“My father told me, Satnam, you have only three things...basketball, study and go sleep,” recalls a seven-foot two-inch sportsman in a village in Punjab’s Ludhiana district.
Satnam Singh Bhamara more than fulfilled his father’s wishes. Easily the most famous resident of Ballo Ke (population 800), Bhamara was the first Indian player to be drafted into the National Basketball Association in the United States of America in 2015. The Netflix documentary One in a Billion, despite its clichés and problems, is an absorbing chronicle of Bhamara’s remarkable journey.
The 69-minute film opens with a moving sequence of Bhamara visiting his village after a gap of several years. He had been drafted into the Dallas Mavericks team and had returned home a hero. We hear from the basketball player, his father, and his neighbours in “Indian” (you’d think someone would bother checking this stuff before putting it in to the documentary but alas, no).
At this point, Roman Gackowski’s documentary is still in its infancy, and you hope that this might be one of those white-saviour films with an Indian protagonist that will avoid the usual hyperbole.

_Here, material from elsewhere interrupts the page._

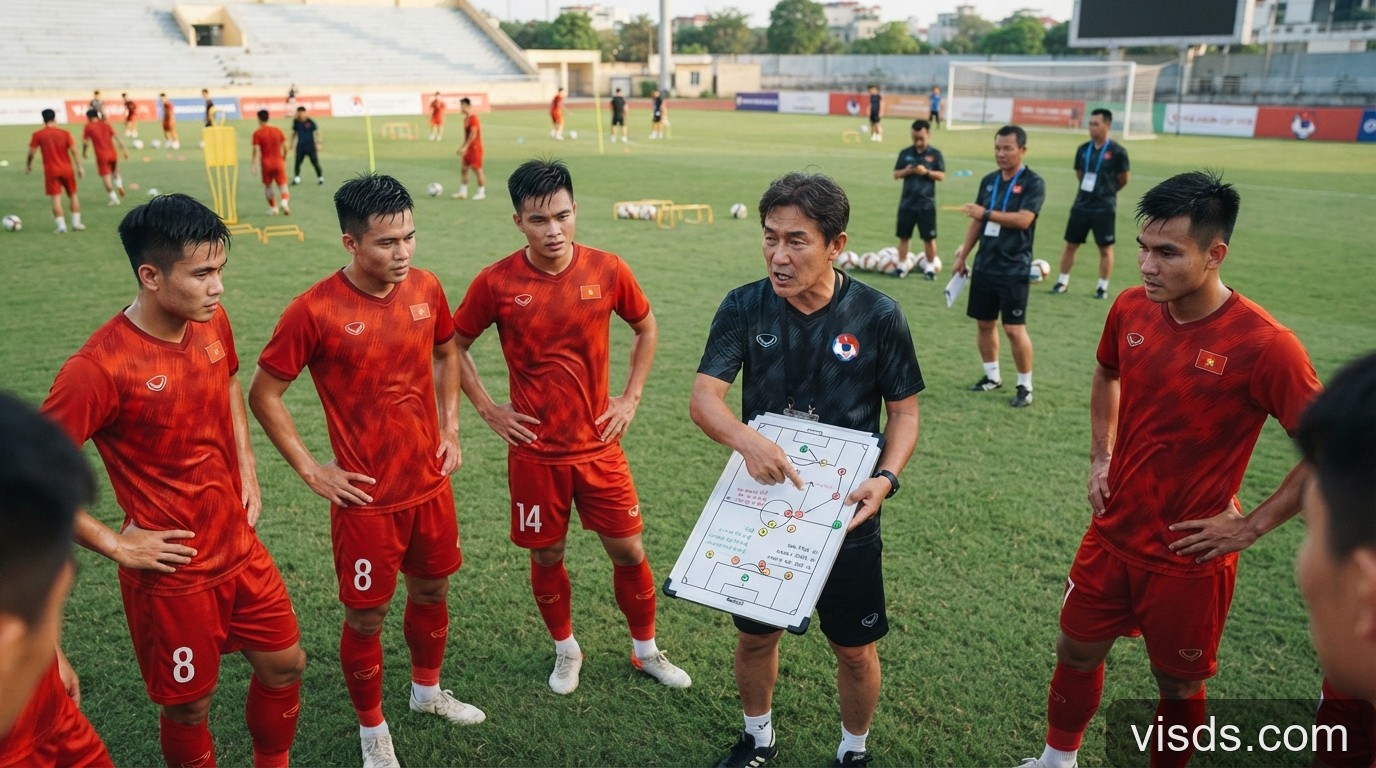 FIFA ASEAN Cup 2026: Phân tích thực lực ĐT Việt Nam trước thềm giải đấu mới - 2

That hope is short-lived as an assortment of NBA officials, including commissioner Adam Silver, sound very excited about “a huge untapped market”, “a burgeoning middle class” and “talent pool”. Coaching staff, officials and team owners Mark Cuban and Vivek Ranadive talk up Bhamara as the basketball god’s gift to Indian civilisation and speak of him as an Indian equivalent of China’s Yao Ming, carrying a billion hopes on his shoulders.

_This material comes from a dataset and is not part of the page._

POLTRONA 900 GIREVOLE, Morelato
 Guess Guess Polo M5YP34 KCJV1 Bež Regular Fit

The comparison is erroneous. Ming was born in Shanghai to basketball players and played the sport throughout his formative years. Bhamara was born in 1995 in Ballo Ke to a farmer and a housewife, and discovered the sport only when he was 14 years old. Ming played Chinese professional basketball since he was 17 before being signed up by the NBA’s Houston Rockets at 22. Satnam trained at the IMG Reliance academy for five years before he was picked up by Dallas Mavericks, and he couldn’t speak proper English until he was 17.
Crashing the boards
One in a Billion is Bhamara’s story, no matter what spin is applied on it. It is the journey of an amazing individual whose inner fire not only saw him beat the odds and barriers but absolutely dunk them. The documentary is rescued by Satnam’s candidness and his story, with his five-year stint at IMG Reliance’s academy in Florida accounting for a majority of the narrative.
Bhamara’s struggle is real, and Indian basketball journalist Karan Madhok is a voice of sanity amidst the cheerleading. Madhok traces the challenges faced by Indian basketball players and acts as a bridge between Bhamara and viewers who may not be familiar with the sport’s set-up in India.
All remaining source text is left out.